Reputation: 13
I threw in some more reproducible code but the error is persisting.
Sorry in advance for the lack of a better question, the sample code is breaking before I have a change to dive into it. I've also never dealt with "./{rest of url}" before.is that the problem? I'm working with this https://programminghistorian.org/en/lessons/geospatial-data-analysis
and I'm getting this error "Error: Cannot open "./data/County1990ussm/"; The file doesn't seem to exist."
I've verified I'm in the intended working directory (one level above the data folder)
"We start by loading in the selected data.

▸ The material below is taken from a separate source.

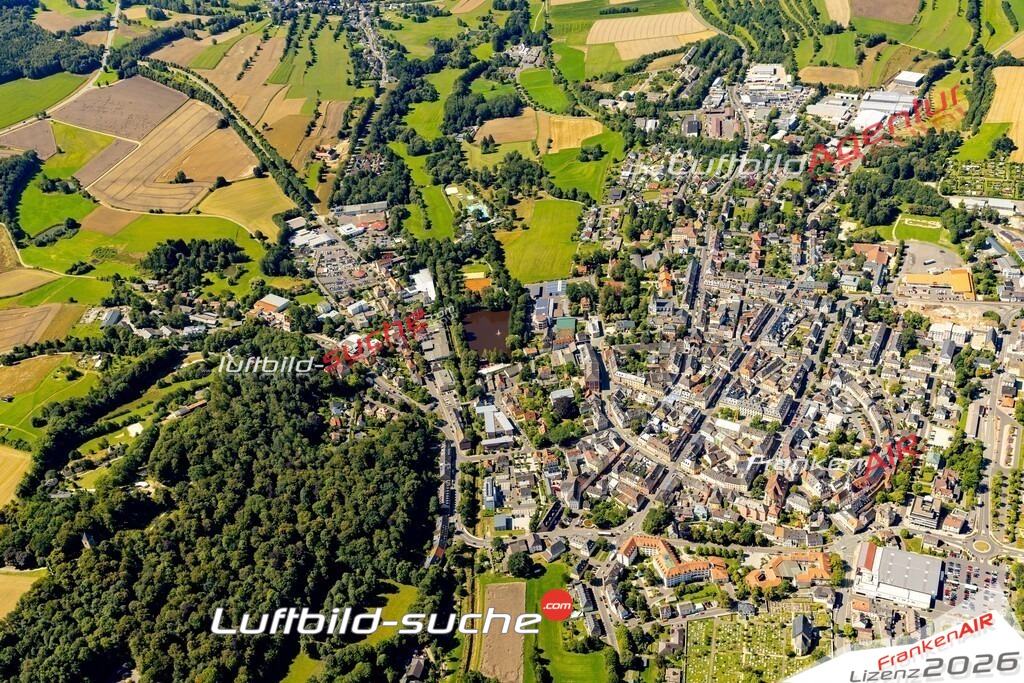 Das Luftbild zeigt : Luisenburgstrasse Wunsiedel - Die Luftaufnahme wurde 2023 vom UL-Flugzeug aus erstellt ( keine Drohne ) - Hochauflösende Luftaufnahme - Für grossformatige Ausdrucke geeignet. Die Geschenkidee !Mit Lizenz und Bildrechte bestellbar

The data for this tutorial can be dowloaded here - https://programminghistorian.org/assets/geospatial-data-analysis/data.zip - . Once downloaded place all the files in a folder labeled data inside your working directory in R. We are going to create a variable and read in our data from our variable directory to it. Once run, the County_Aggregate_Data variable will contain the data and geographic information that we will analyze:"
library(sf)
library(tmap)
library(plotly)
setwd("path")
aFile <- "https://programminghistorian.org/assets/geospatial-data-analysis/data.zip"

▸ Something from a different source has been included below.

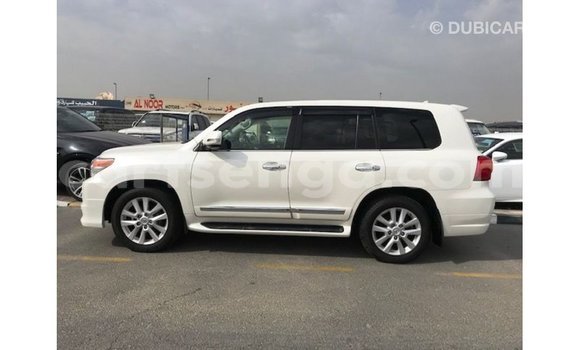 Acheter Import Voiture Toyota Land Cruiser Blanc à Import - Dubai, Hhohho Acheter Import Voiture Toyota Land Cruiser Blanc à Import - Dubai, Hhohho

# check to see whether file exists before downloading and unzipping it
if(!file.exists("data.zip")) {
download.file(aFile,"data.zip",mode="wb")
unzip("data.zip")
}
print(list.files("./data"))
County_Aggregate_Data <- st_read("./data/County1990ussm/")
OUTPUT
"[1] "County1990_Data" "County1990ussm"
[3] "DP_TableDescriptions.xls" "ExtendedZIP5.csv"
[5] "GeocodedAddresses.csv" "Religion
"
"Error: Cannot open "./data/County1990ussm/" The file doesn't seem to exist."
Upvotes: 0
Views: 3464
Reputation: 10855
If the original poster downloaded the zip file into the ./data
directory and then unzipped it with default settings, the unzip creates another /data
subdirectory.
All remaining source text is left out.